L'offre commune d'Alstom et Schneider Electric semblait favorisée par son caractère français. Pourtant, elle a été la plus controversée. Les deux industriels proposent une séparation en deux de la société, une idée toujours rejetée par Anne Lauvergeon, présidente du directoire d'Areva. Cette proposition a aussi été critiquée par des syndicats et des cadres de la filiale. Ils s'inquiètent également de l'impact d'une telle opération sur les emplois, car Schneider est déjà présent dans la distribution d'électricité. L'industriel s'est engagé à reclasser les employés concernés, mais cela ne suffira peut-être pas.
Toshiba semblait au départ mal parti. Il avait déposé une première offre non engageante très succincte et est resté très discret. Mais il a su se montrer convaincant lors de son passage devant un jury d'honneur présidé par Jean-Cyril Spinetta, président du conseil de surveillance d'Areva, le 2 novembre. Cependant, vendre la filiale au japonais reviendrait à renforcer un concurrent d'Areva dans le domaine des réacteurs nucléaires (avec sa filiale Toshiba-Westinghouse).
Enfin, le conglomérat General Electric (GE), qui essayait de céder sa propre activité de T&D depuis deux ans, a connu quelques déboires. Il avait annoncé une offre commune avec le fonds CVC Capital Partners. Puis il s'est tourné, sans succès, vers Axa Private Equity. L'américain ne désespère pas. « Bien qu'aucun apport en capital ne soit nécessaire pour compléter l'acquisition si GE est retenue, l'entreprise serait ouverte à l'entrée d'investisseurs minoritaires, et notamment des investisseurs français et des fonds souverains issus de zones stratégiques comme le Moyen-Orient et l'Asie », souligne-t-il.
Quel est le montant des offres ?
Les trois propositions se seraient finalement regroupées autour de 4 milliards d'euros. Le géant japonais est le plus généreux. Il proposerait, selon Dow Jones, 4,2 milliards d'euros. Il s'est associé avec INCJ, mais finalement pas avec le groupe d'Abu Dhabi Taqa, avec lequel il serait toujours en discussion. GE aurait opté pour 4 milliards d'euros. Enfin, Alstom et Schneider Electric seraient les moins-disants, avec une offre entre 3,5 et 3,6 milliards.

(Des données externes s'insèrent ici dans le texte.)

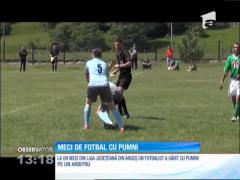 Pumni la un meci de fotbal din liga judeţeană din Argeş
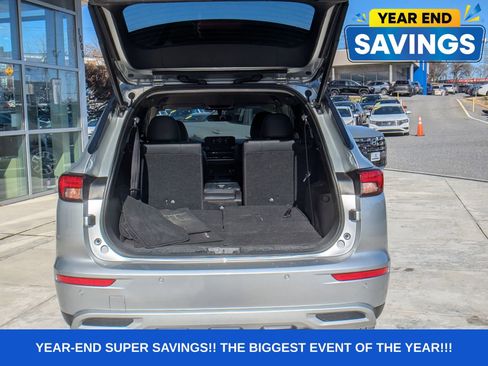 Used 2023 Mitsubishi Outlander SE image 9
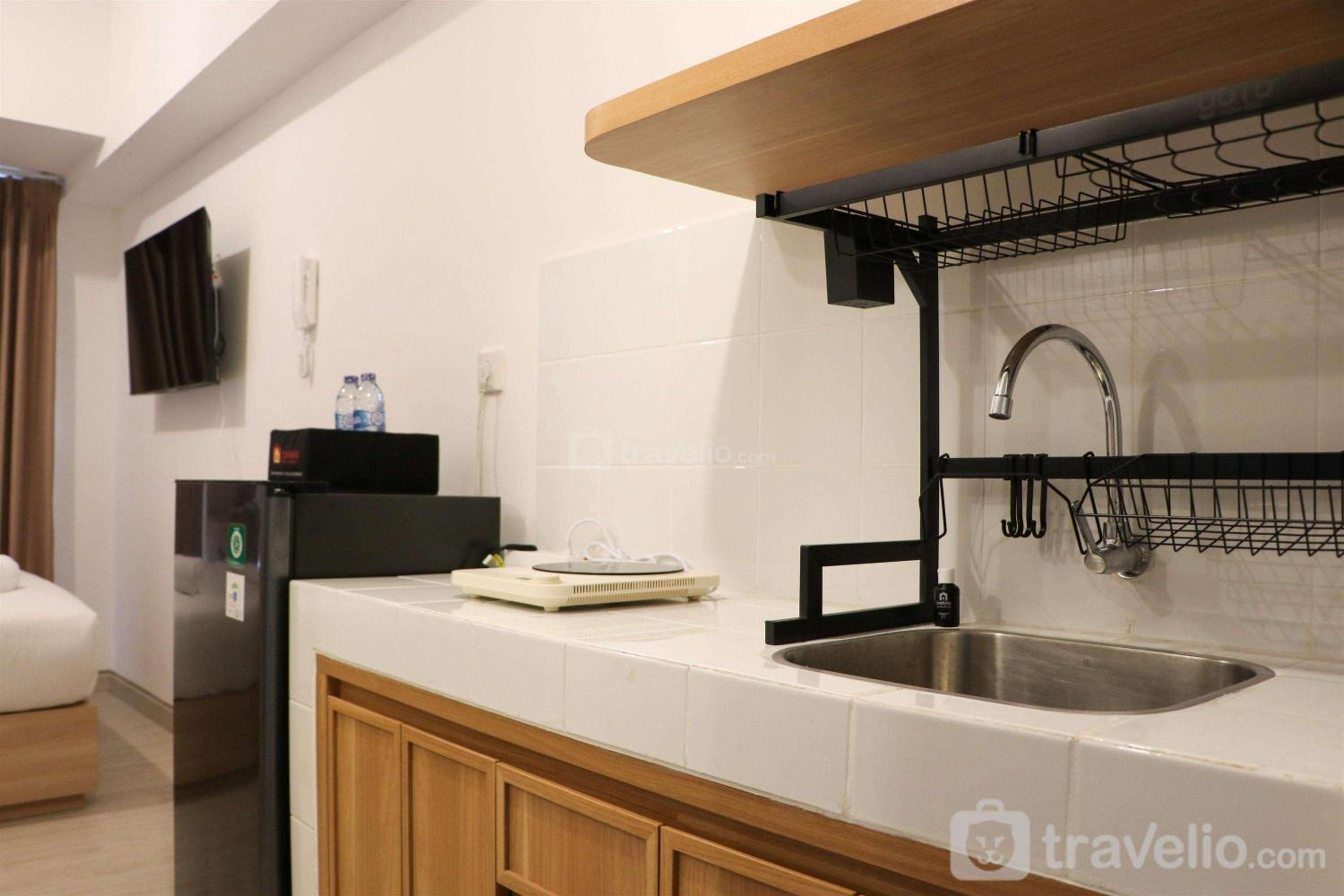 Relaxing Studio Apartment at Tokyo Riverside PIK 2 By Travelio view 5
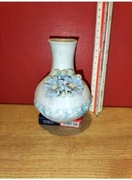 Wazonik pękaty z kwiatkami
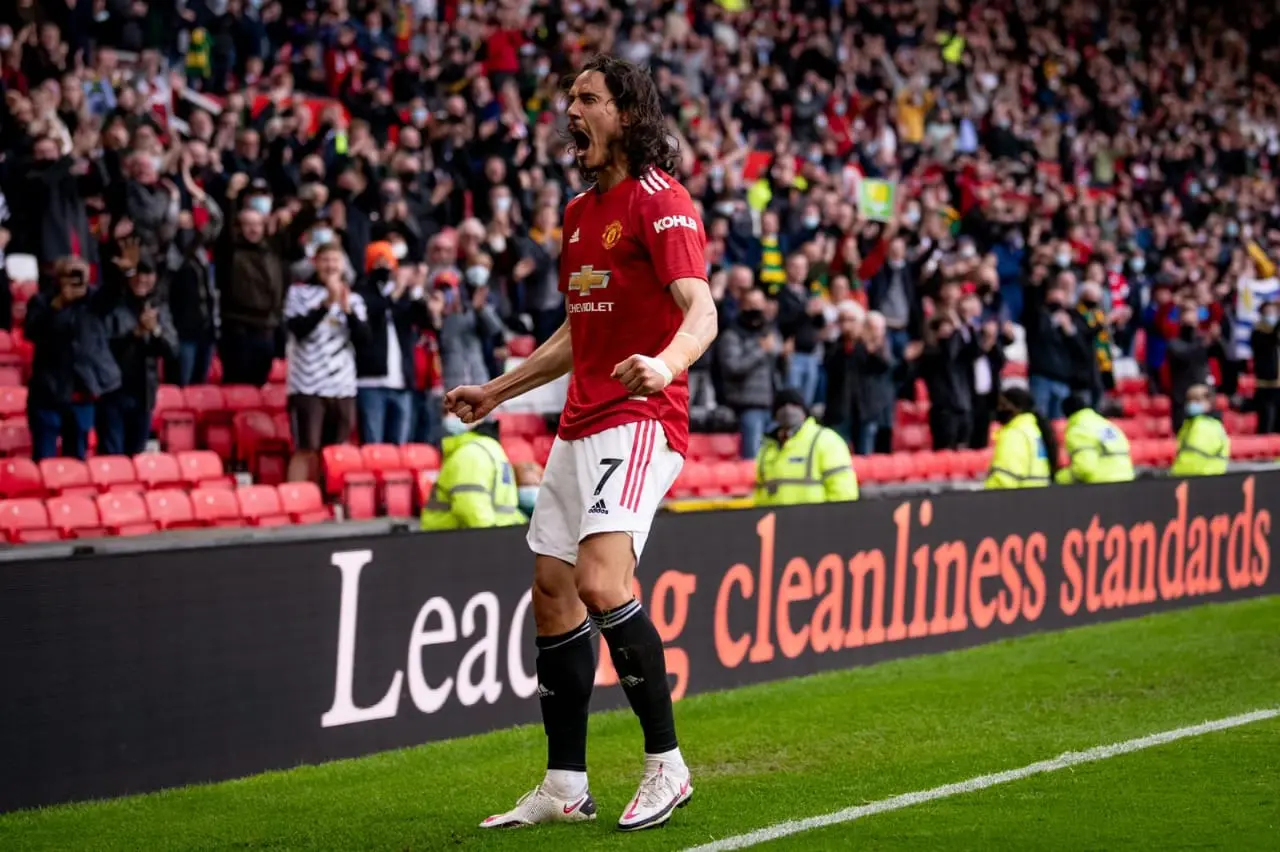 Cavani le cedió su 7 a Ronaldo-@ECavaniOfficial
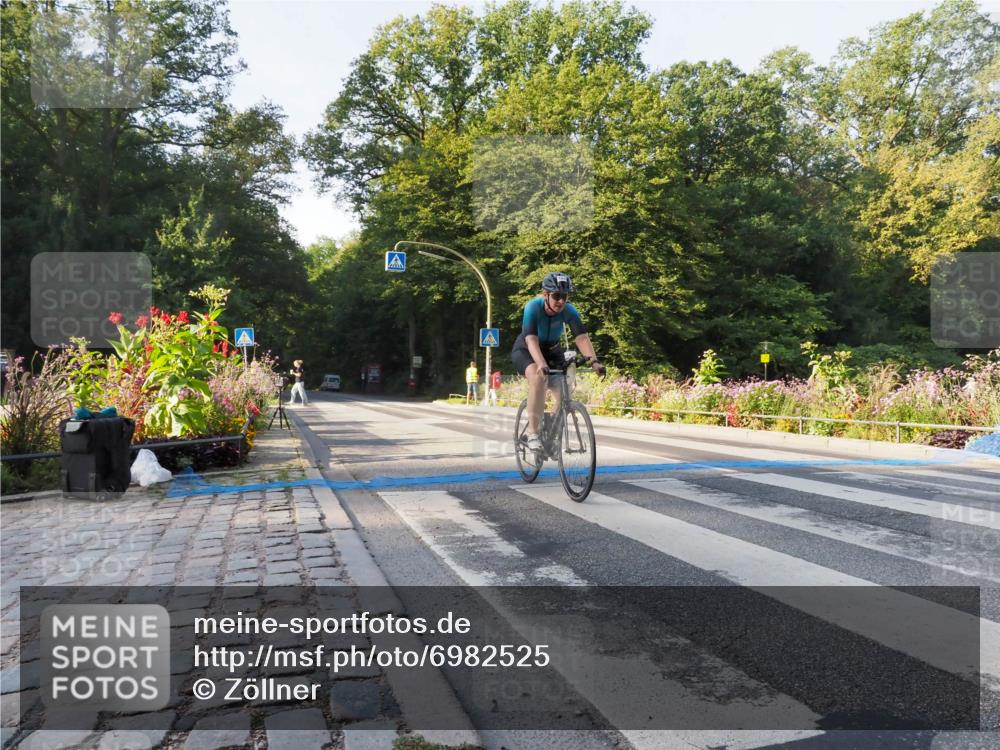 08.09.2024 - Stadtparktriathlon Zöllner http://msf.ph/oto/6982525 08.09.2024 09:20:27 Radfahren 165, 180 meine-sportfotos.de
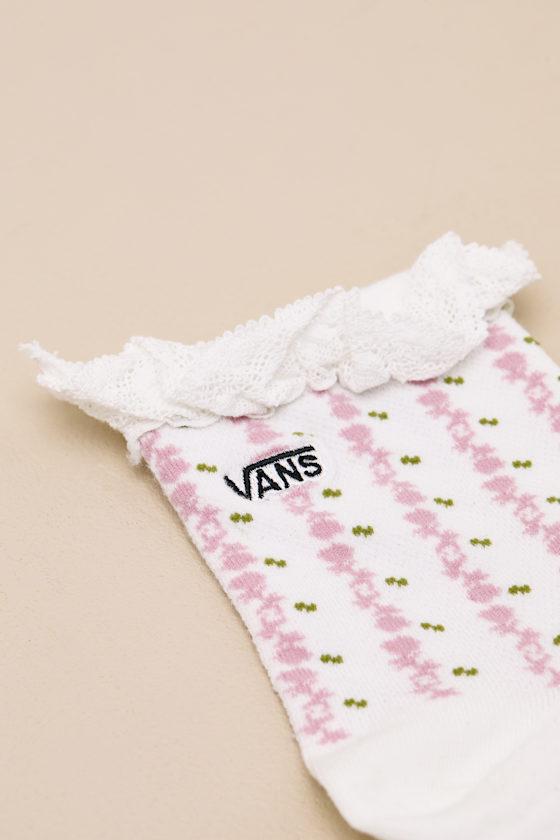 Sereno White Floral Lace Ruffled Crew Socks Product Image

Toshiba et GE envisagent une mise en Bourse de la société dans quelques années.
Areva doit désormais examiner les candidatures. Le groupe nucléaire s'était réservé le choix de céder ou non l'entreprise en fonction des offres. Mais il sera vraisemblablement contraint de vendre cet actif porteur pour trouver des fonds. L'équipementier veut être attentif « en plus du prix proposé, au projet industriel et social ». L'Etat français, qui est le décisionnaire final, se fixe les mêmes objectifs. Areva pourrait annoncer son choix fin novembre.
NOTRE CONSEIL
Rester à l'écart du certificat d'investissement (code : CEI, Comp. B).